» Assigned task
A faithful transcript of all the lines below, with no pictures, is the goal here.

### The data

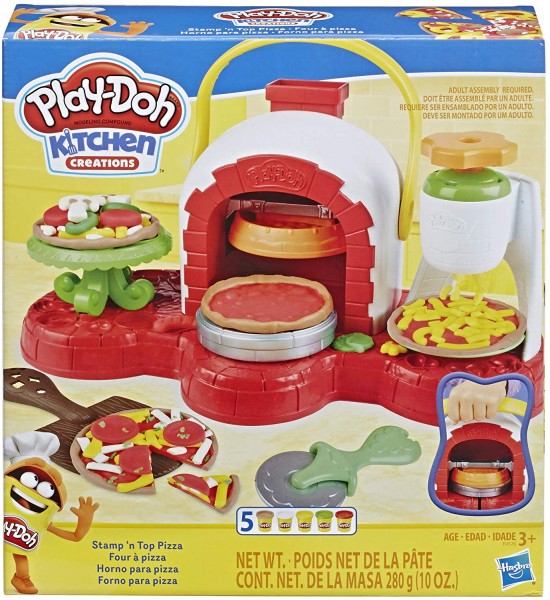 Hasbro Play-Doh Piec do Pizzy E4576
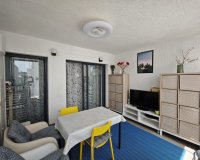 Resale - Apartamento - La Zenia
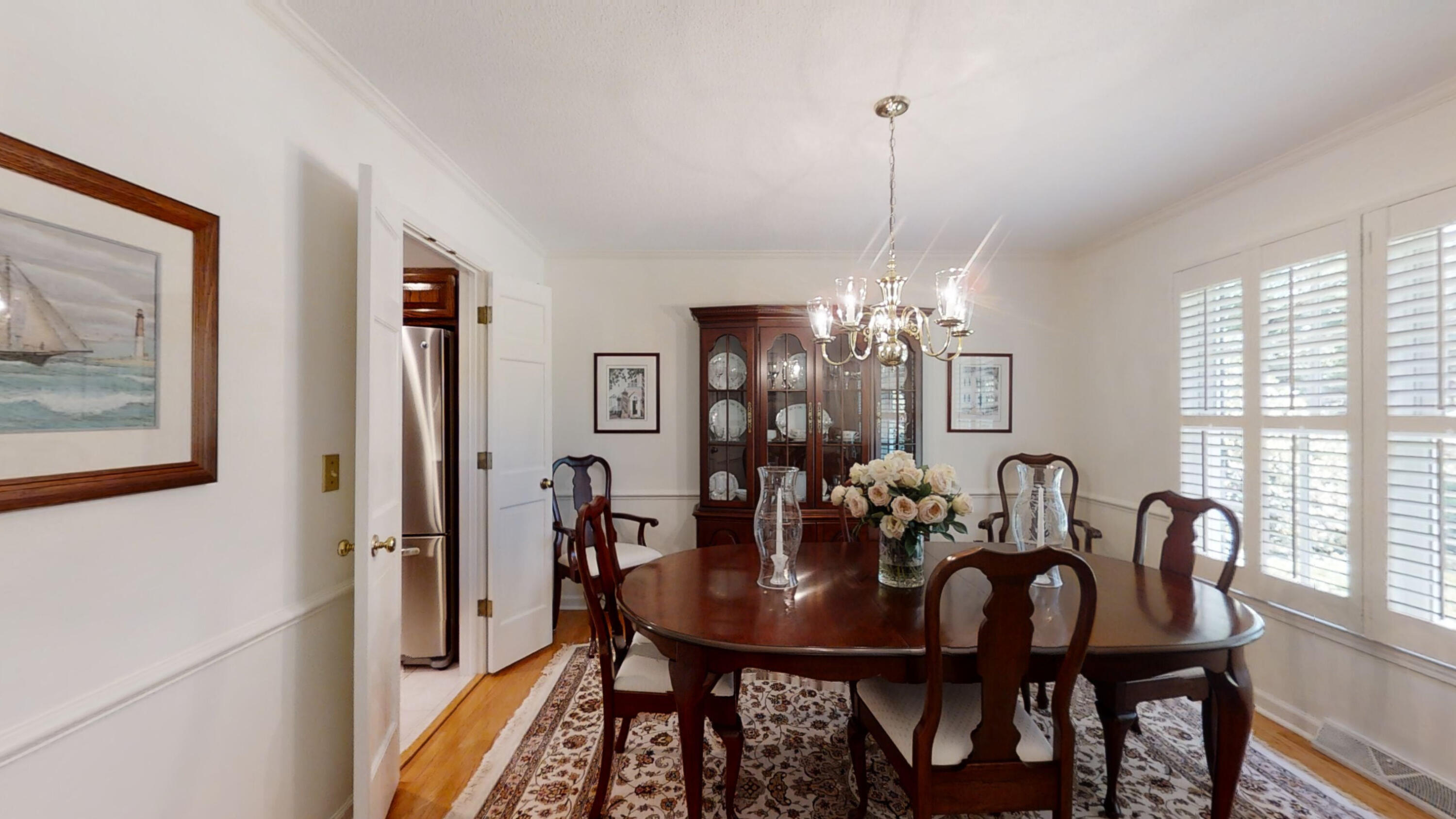 835 Law Lane Mount Pleasant, SC 29464 - Photo 26 of 54 Dining Room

######

» Answer to the exercise
 Hasbro Play-Doh Piec do Pizzy E4576
 Resale - Apartamento - La Zenia
 835 Law Lane Mount Pleasant, SC 29464 - Photo 26 of 54 Dining Room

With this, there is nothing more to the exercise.